COMPLICATIONS OF VALVE PROSTHESES
Monitoring By Echocardiography
A postoperative transthoracic echocardiogram (TTE) should be obtained either prior to discharge or within 4 weeks of discharge. Asymptomatic uncomplicated patients should follow-up annually, although routine TTEs are not indicated in the absence of a change in clinical status. In asymptomatic patients with mechanical valves, no further follow-up echocardiography is required, in the absence of other indications. In patients with bioprosthetic valves, annual TTEs may be considered after the first 5 years. Of course, a TTE is indicated in any patient with a prosthetic valve whenever there is a change in clinical status, new murmur, question of valve function, or concerns of ventricular function. Of note, cardiac magnetic resonance imaging (MRI) is safe for all available prosthetic valves, though artifact induced by metal in the valve will obscure adjacent structures.
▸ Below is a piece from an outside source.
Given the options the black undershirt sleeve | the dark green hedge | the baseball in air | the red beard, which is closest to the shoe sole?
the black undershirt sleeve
Normally functioning mechanical and bioprosthetic valves all have gradients across them, with mean gradients up to 14 mm Hg in the aortic position (except Starr–Edwards, up to 24 mm Hg) and up to 7 mm Hg in the mitral position. Conditions with increased cardiac output such as anemia, tachycardia, pregnancy, hyperthyroidism, or severe prosthetic, leak can lead to higher-than-normal gradients and give the false impression of prosthetic stenosis. Occasionally, a high gradient across an aortic valve demonstrates a prosthesis–patient mismatch, which is defined as <0.6 cm2/m2. The recently published prosthetic valve guidelines from the American Society of Echocardiography provide comprehensive normal values for all prosthetic valves in common use.
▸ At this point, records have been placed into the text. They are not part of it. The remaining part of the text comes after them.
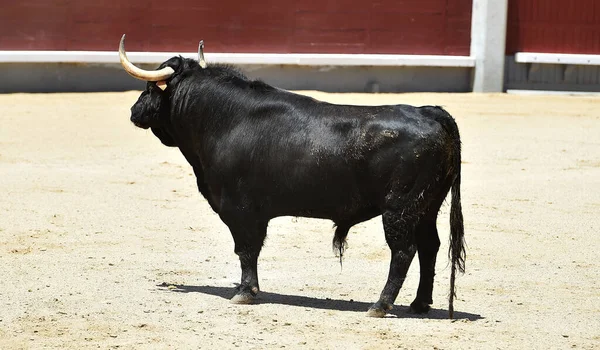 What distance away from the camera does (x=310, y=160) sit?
5.70 meters

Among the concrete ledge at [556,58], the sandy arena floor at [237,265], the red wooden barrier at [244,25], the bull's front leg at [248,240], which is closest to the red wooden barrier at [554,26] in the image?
the concrete ledge at [556,58]

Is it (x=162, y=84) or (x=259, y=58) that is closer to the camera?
(x=162, y=84)

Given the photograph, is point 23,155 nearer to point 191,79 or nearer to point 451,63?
point 191,79

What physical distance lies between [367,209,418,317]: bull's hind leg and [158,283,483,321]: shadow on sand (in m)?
0.10

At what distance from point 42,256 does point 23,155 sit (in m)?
3.91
Pressure recovery can complicate measurements across bileaflet mechanical prostheses (Fig. 36.3). In this situation, flow deceleration through the gently flaring central orifice may cause Doppler to overestimate the true pressure gradient by up to one-third. This phenomenon may be particularly problematic with small mechanical bileaflet prostheses in the aortic position. Given the need to follow transvalvular gradients to exclude pannus, thrombus, or stenosis secondary to increasing calcification, it is critical to obtain a baseline echocardiogram early postoperatively for future reference.
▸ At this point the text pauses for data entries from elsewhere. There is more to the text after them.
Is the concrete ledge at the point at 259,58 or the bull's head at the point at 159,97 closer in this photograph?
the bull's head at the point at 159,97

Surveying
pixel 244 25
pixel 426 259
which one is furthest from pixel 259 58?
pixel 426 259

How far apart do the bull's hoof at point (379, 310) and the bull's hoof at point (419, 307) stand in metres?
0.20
FIGURE 36.3 Demonstration of pressure recovery. The higher pressure gradient recorded through a prosthesis by Doppler overestimates the true pressure gradient as a result of flow acceleration through a narrowed orifice. Pressure recovers distally, at the position of the catheter recording. This occurs primarily with small mechanical bileaflet prostheses in the aortic position.